Which would explain why when you fly over the north of the country, you are treated to sights such as this, below:
Also, if you talk to anyone with more than about a fifth-grade education, they will tell you that the problem with the Chilean economy (aside from the fact that it’s very linked to copper, the price of which fluctuates, leaving Chile at the mercy of world markets and world copper prices, and which we will eventually run out of, or the demand for which could drop) is the fact that we export materia prima (raw materials) and import manufactured goods. I don’t know enough about economics to give you a rule a law or an inverse proportion to explain exactly what the problem is here, but think about it this way: You have an apple orchard, and sell apples to your neighbor for a low price. She makes a delectable apple pie, which you just can’t live without. And so you buy back from her a slightly value-added product, which are essentially your apples with flour, shortening and with luck a little cinnamon thrown in, at a greatly inflated price. You are an idiot. You should learn to make your own pie, and go into the pie-selling business. You’re giving away your apples at firesale prices. Don’t do that!
So this is the problem with the Chilean economy. Too many apples, not enough pie. Or too much copper, not enough placas madres (motherboards) or whatever they make copper into. We also export cellulosa (paper pulp) and then import paper by the truckload. Wine and agricultural products, including farmed salmon and newly, abalone “round out” the economy, but these prices are set at the beginning of the season in dollars, and if the dollar gets stronger against the peso, producers receive dollars, which are worth fewer pesos. So a $10 bottle of wine, the price of which was calculated on the cost of labor and other details is worth somewhere between $4500 and $6380 pesos to the Chilean producer. (Using the peso/dollar values we have seen in the last year as parameters).

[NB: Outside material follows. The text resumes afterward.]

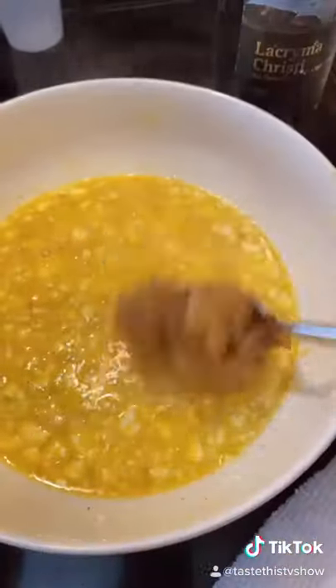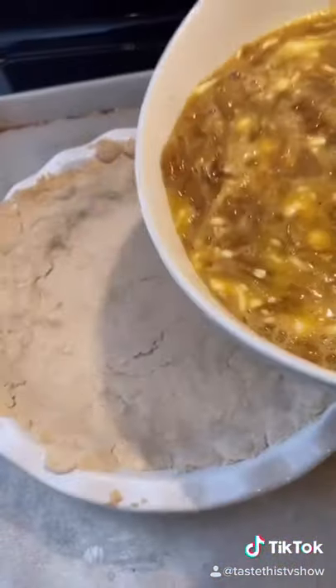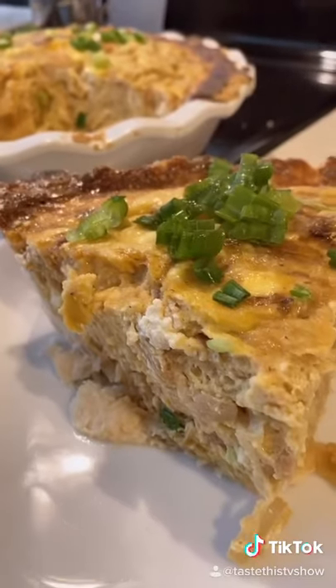A dozen eggs, tablespoon of dijon mustard, eight ounces goat cheese, black pepper. Add the onions to the mix. Pie crust is ready — pour into the pie crust and put back in the oven. Now, that's what I'm talking about.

When the peso buys more dollars, the rich buy technology, and other imported goodies, and travel both inside and outside the country more. I myself bought a pair of biking shoes and clipless pedals for a bit under 80% of the price I would have paid in the United States, when the peso was low, at about 450 to the dollar.
But getting back to the wobble. Something about the dropping value of the dollar in the world market has driven the peso to the highest rate we’ve seen in four years. Which means that my new baseball cap, dropped in price by more than two dollars in the last two weeks. If only the sunscreen would do the same, I’d really be ready for spring.
There will probably be some emergency legislation to stabilize the economy, driving the peso back down to about 550. But in the meantime, it just makes me want to take money out of my US account (held in dollars) rather than my Chilean one (held in pesos). Except that now that I’ve bought my spiffy new hat, I don’t really need anything. Where’s Bush when you need him, telling people to go out and spend, spend, spend? And then politics got in the way and she had to go.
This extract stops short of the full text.